The sneaker-resale analysis says about 47% of sneaker releases were profitable in its current read, compared with about 58% in the earlier comparison period. The page uses that as a margin-compression signal for sneaker resale, not as a claim about all thrift, electronics, collectible, or local resale categories.
IRS guidance explains Form 1099-K reporting for payment platforms. That reported gross payment figure is not the same as profit, so a seller still needs records for cost basis, fees, shipping, returns, and taxable income.
The California seller-permit page is an official example of the sales-tax permit gate for selling tangible goods as a business.
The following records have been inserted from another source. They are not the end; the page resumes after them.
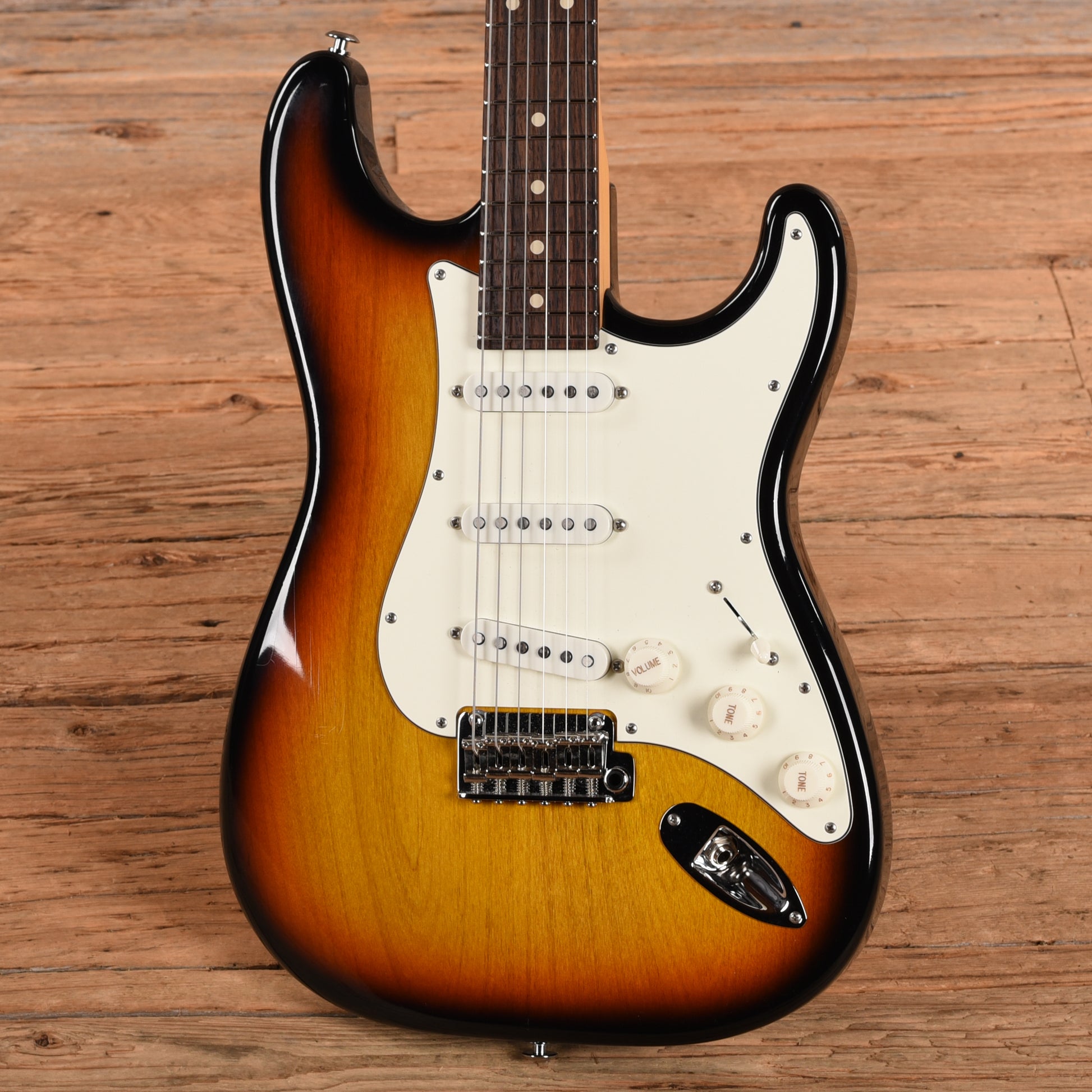 Suhr Classic S Antique SSS Sunburst 2018 Electric Guitars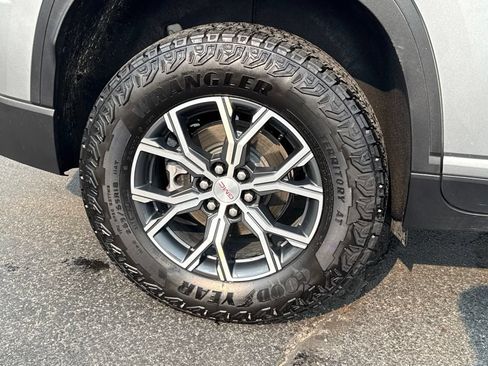 Used 2025 GMC Acadia AT4 AWD/4WD image 9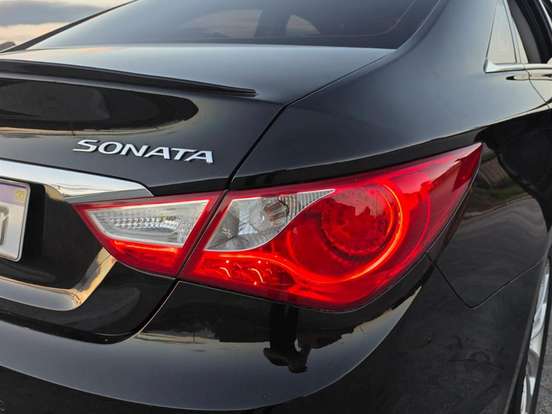 HYUNDAI-SONATA-2.4 MPFI I4 16V 182CV GASOLINA 4P AUTOMÁTICO HYUNDAI-SONATA-2011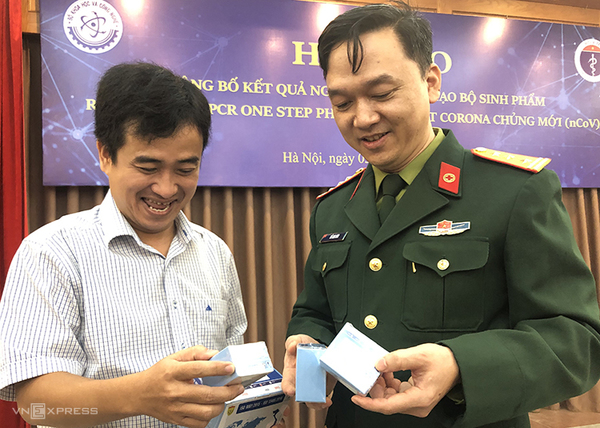  
PGS.TS Hồ Anh Sơn (phải), Chủ nhiệm đề tài và đại diện Công ty cổ phần Việt Á giới thiệu bộ kit tại buổi họp báo. (Ảnh: VNE)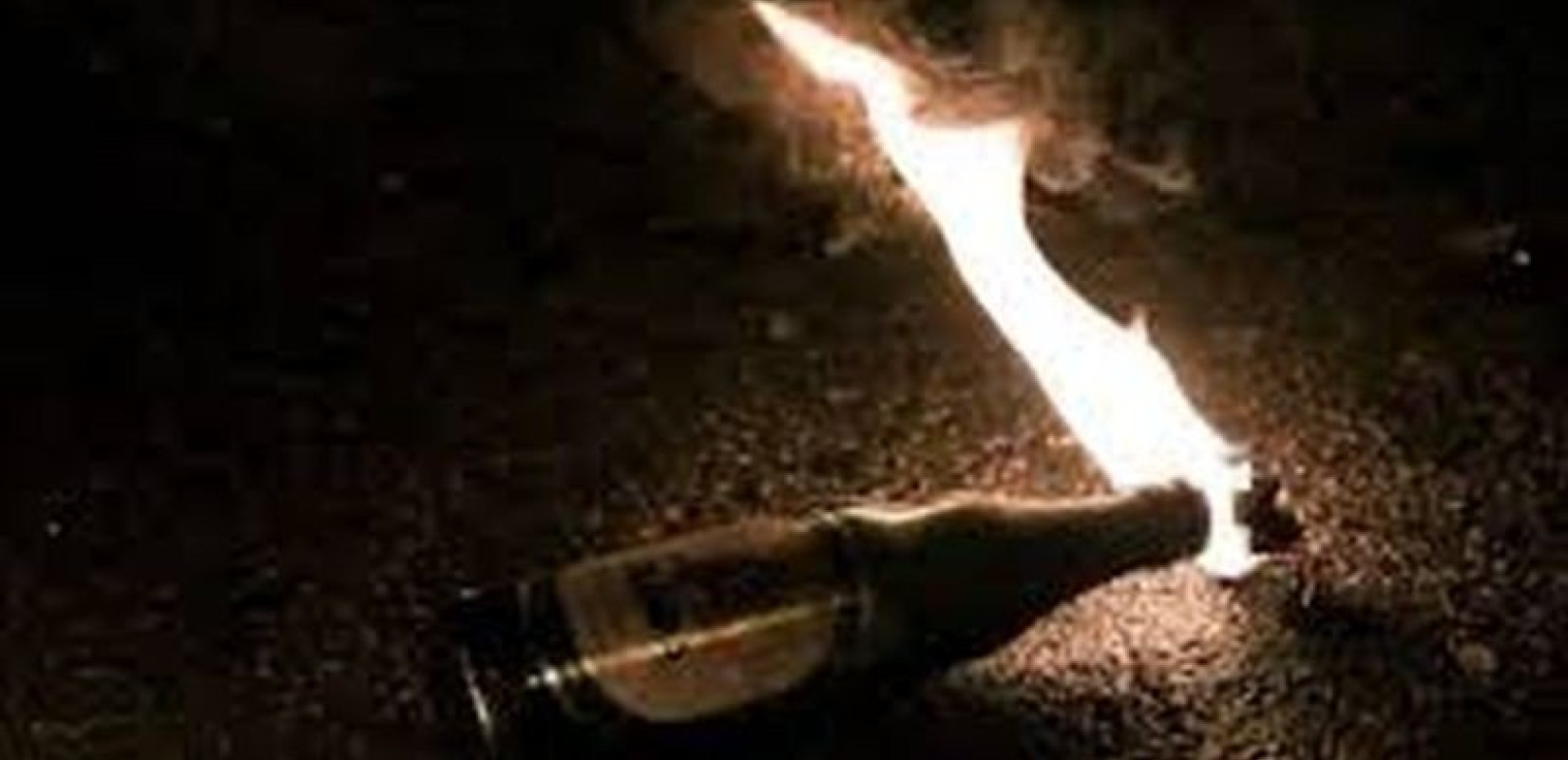 Θεσσαλονίκη: Βροχή μολότοφ στην Εγνατία τα ξημερώματα - Επίθεση κουκουλοφόρων - Ένας αστυνομικός τραυματίστηκε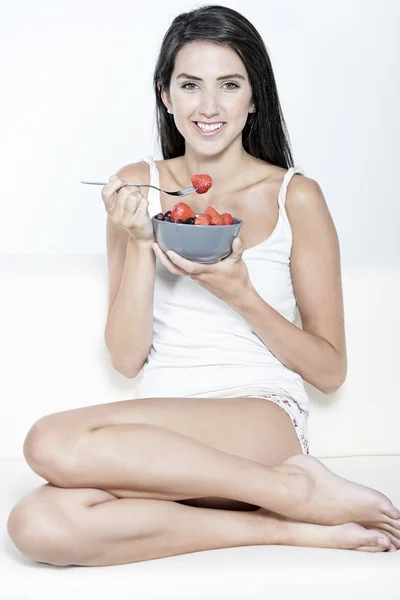 Mulher tomando café da manhã em casa — Fotografia de Stock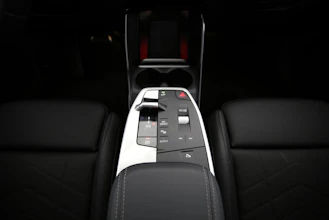 https://vehicle.imgix.net/4338329/69d79206-9f8c-4be2-83e2-f0a0230f17dd.jpg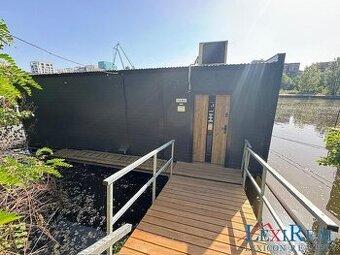 Hausbót 3+kk - 70m2 s terasou a kotvištěm v Praze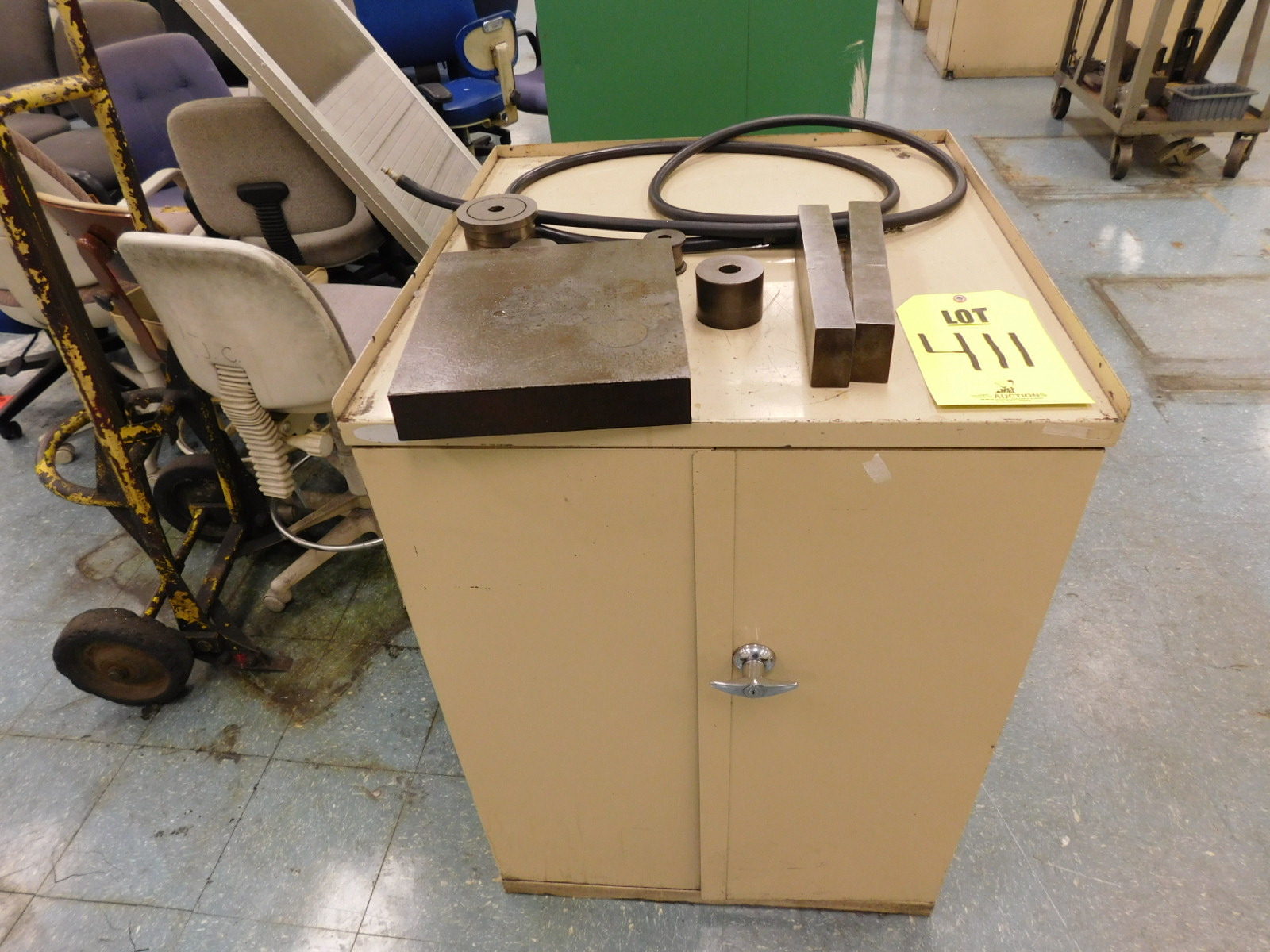 LISTA 2 DOOR/2 DRAWER TOOL/PARTS CABINET, 28"X30"X40", (EMPTY)-411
SBA also explains that licenses and permits vary by activity and location.
New York City's secondhand-dealer license page is a local example showing that used-goods businesses can face separate licensing and record rules. That supports treating volume thrift or used-goods resale differently from an occasional personal sale.
No clean public source measures resale-flipping owner take-home after platform fees, payment fees, shipping, returns, unsold inventory, taxes, storage, and labor. The owner band is directional and depends on volume, sourcing edge, sell-through, and records.
The 47% profitable-release figure is about sneaker releases in the cited analysis. It should not be generalized to every resale category, where sourcing, condition, local demand, and fees can differ.
Marketplace facilitator rules, sales-tax permits, and secondhand-dealer requirements vary by state, city, and platform. The page names the boundary instead of pretending one rule covers every seller.